Umfrage: Mehrheit der US-Amerikaner sieht Bad Bunny als bessere Repräsentation des Landes – Trump hatte sich über die rein spanische Super-Bowl-Halbzeitshow des Puerto-Ricaners empört.
Die Zahlen sind da, und sie sehen nicht gut aus für Donald Trump.
Eine kürzlich von Yahoo! und YouGov (Quelle auf Englisch) durchgeführte Umfrage hat ergeben, dass mehr Amerikaner glauben, dass der puerto-ricanische Superstar und aktuelle Super-Bowl-Hitmacher Bad Bunny das Land "besser repräsentiert" als der derzeitige Bewohner der 1600 Pennsylvania Ave.

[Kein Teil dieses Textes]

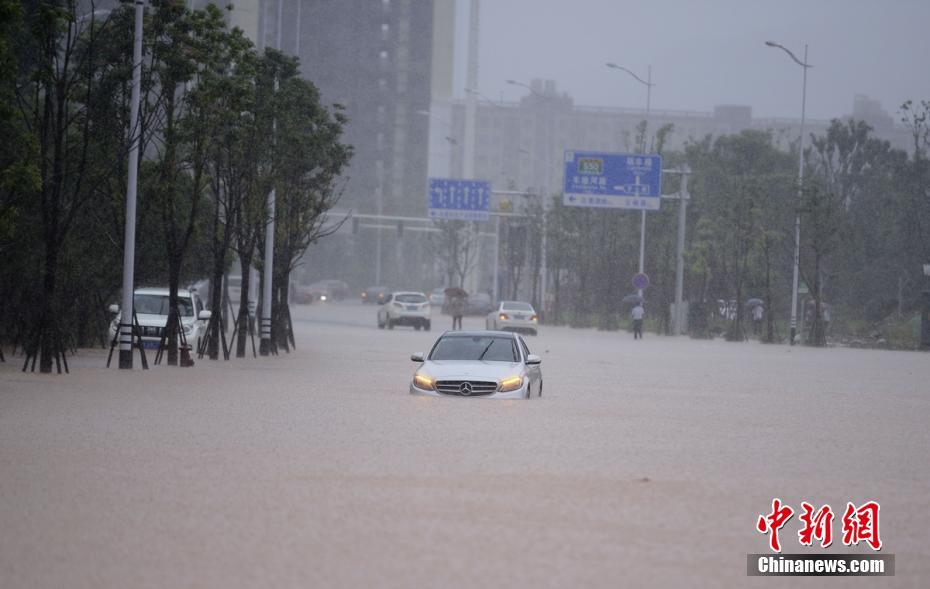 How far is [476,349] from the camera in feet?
75.3

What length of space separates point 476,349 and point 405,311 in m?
43.1

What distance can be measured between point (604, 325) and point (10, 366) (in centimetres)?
5163

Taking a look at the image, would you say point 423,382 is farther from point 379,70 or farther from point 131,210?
point 379,70

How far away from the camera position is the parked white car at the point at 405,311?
65938 mm

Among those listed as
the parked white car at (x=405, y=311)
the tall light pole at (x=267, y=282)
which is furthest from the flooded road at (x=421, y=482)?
the parked white car at (x=405, y=311)

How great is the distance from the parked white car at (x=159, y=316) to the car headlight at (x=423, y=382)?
1366 cm

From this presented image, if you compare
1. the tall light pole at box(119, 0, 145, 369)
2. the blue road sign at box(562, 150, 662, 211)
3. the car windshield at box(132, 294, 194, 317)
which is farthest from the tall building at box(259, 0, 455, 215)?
the tall light pole at box(119, 0, 145, 369)

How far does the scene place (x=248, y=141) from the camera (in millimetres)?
35156

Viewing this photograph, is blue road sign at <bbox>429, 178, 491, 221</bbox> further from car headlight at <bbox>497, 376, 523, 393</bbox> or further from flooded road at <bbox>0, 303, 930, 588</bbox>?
car headlight at <bbox>497, 376, 523, 393</bbox>

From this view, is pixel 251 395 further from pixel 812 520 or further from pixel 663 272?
pixel 663 272

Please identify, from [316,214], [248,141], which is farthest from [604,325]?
[248,141]

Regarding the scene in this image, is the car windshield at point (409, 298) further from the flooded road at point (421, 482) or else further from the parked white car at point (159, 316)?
the flooded road at point (421, 482)

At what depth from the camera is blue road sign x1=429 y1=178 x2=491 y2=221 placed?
77188 millimetres

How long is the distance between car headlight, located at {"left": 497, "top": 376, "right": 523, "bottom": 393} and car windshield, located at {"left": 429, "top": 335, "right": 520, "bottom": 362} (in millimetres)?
1088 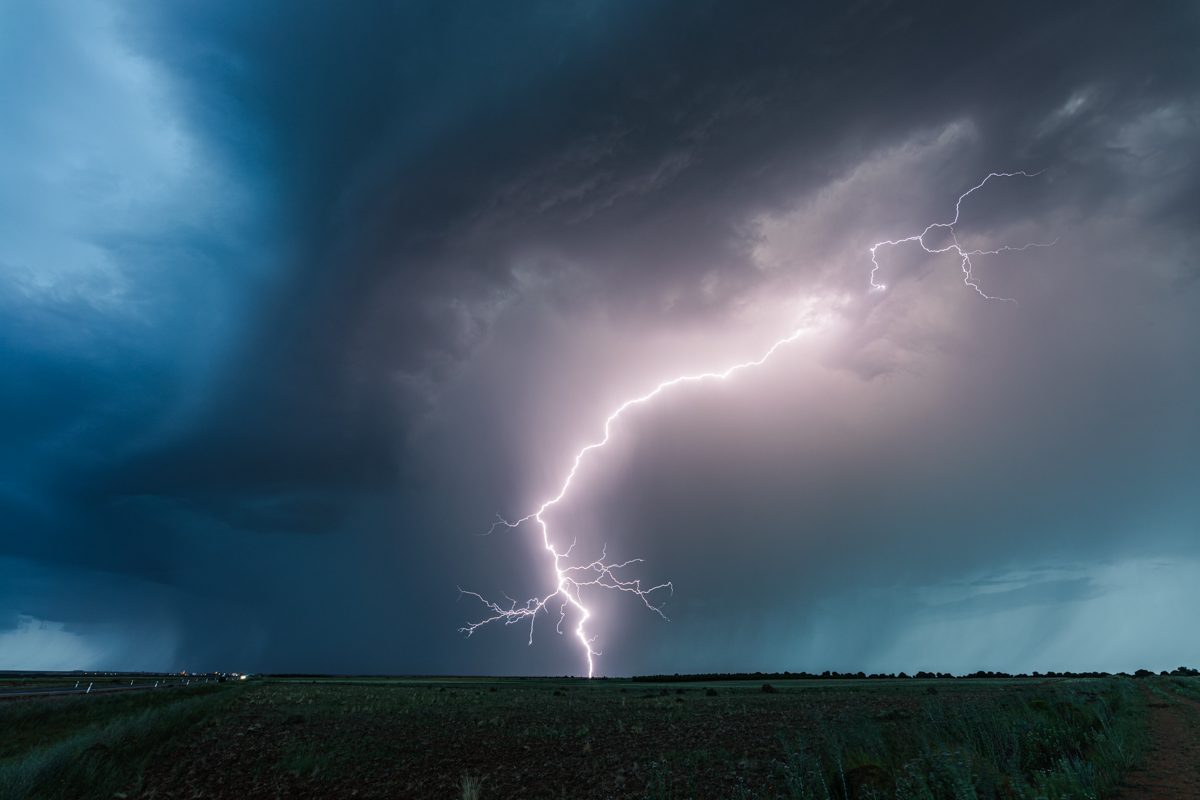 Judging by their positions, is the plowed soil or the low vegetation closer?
the plowed soil

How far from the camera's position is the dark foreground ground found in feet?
29.9

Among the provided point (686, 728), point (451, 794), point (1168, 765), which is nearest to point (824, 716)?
point (686, 728)

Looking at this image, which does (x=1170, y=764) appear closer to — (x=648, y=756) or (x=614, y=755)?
(x=648, y=756)

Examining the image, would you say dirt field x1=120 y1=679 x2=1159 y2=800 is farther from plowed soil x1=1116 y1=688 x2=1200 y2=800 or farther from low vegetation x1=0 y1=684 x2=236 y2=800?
low vegetation x1=0 y1=684 x2=236 y2=800

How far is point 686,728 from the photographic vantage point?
18.3 m

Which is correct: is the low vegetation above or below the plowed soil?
above

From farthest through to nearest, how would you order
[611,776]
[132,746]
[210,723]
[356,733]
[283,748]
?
[210,723], [356,733], [283,748], [132,746], [611,776]

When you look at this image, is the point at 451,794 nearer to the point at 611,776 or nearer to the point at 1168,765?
the point at 611,776

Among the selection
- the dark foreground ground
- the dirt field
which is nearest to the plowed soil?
the dark foreground ground

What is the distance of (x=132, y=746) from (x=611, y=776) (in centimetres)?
1323

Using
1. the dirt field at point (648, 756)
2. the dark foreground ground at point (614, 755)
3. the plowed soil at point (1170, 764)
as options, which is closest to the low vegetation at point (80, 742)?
the dark foreground ground at point (614, 755)

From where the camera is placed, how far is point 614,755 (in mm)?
13977

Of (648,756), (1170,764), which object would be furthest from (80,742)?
(1170,764)

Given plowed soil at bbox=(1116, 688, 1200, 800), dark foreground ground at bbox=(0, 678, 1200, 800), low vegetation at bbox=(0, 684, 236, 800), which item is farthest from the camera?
low vegetation at bbox=(0, 684, 236, 800) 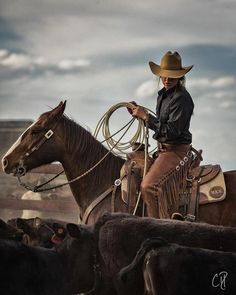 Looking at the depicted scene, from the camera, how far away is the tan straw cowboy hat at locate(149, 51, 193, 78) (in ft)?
26.9

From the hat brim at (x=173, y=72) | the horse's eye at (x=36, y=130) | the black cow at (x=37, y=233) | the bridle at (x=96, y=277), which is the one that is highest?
the hat brim at (x=173, y=72)

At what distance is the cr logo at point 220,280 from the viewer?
545cm

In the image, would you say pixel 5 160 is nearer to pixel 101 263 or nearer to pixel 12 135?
pixel 101 263

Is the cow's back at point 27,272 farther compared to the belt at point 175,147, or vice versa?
the belt at point 175,147

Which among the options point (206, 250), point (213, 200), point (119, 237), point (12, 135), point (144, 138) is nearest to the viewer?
point (206, 250)

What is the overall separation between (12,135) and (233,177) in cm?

In der Umfrage wurden 1 704 Erwachsene gefragt: "Wer repräsentiert Amerika besser?", Bad Bunny oder Donald Trump, der den Super-Bowl-Schlagzeilenmacher scharf kritisierte und seinen Auftritt als "Affront gegen die Größe Amerikas" bezeichnete. Es stellte sich heraus, dass 42 Prozent der Teilnehmer für den Sänger stimmten, während 39 Prozent Trump wählten. 20 Prozent gaben an, sie seien sich nicht sicher.
Nach Ethnien aufgeschlüsselt, lag die Zustimmung bei den Schwarzen bei 61 Prozent gegenüber nur neun Prozent, die sich für Trump aussprachen, und bei den Hispanics bei 46 Prozent im Vergleich zu 32 Prozent für Trump.
Die einzige Kategorie, in der Trump einen höheren Wert als Bad Bunny erhielt, war die der Weißen, wo 48 Prozent sagten, dass der Präsident die USA "besser repräsentiert", verglichen mit 37 Prozent, die sich für den Sänger entschieden.
An anderer Stelle gaben 47 % an, dass sie den Auftritt gesehen haben, und von denen, die ihn gesehen haben, sagten 30 %, dass er ihnen gefallen hat, während nur 8 % sagten, dass er ihnen nicht gefallen hat.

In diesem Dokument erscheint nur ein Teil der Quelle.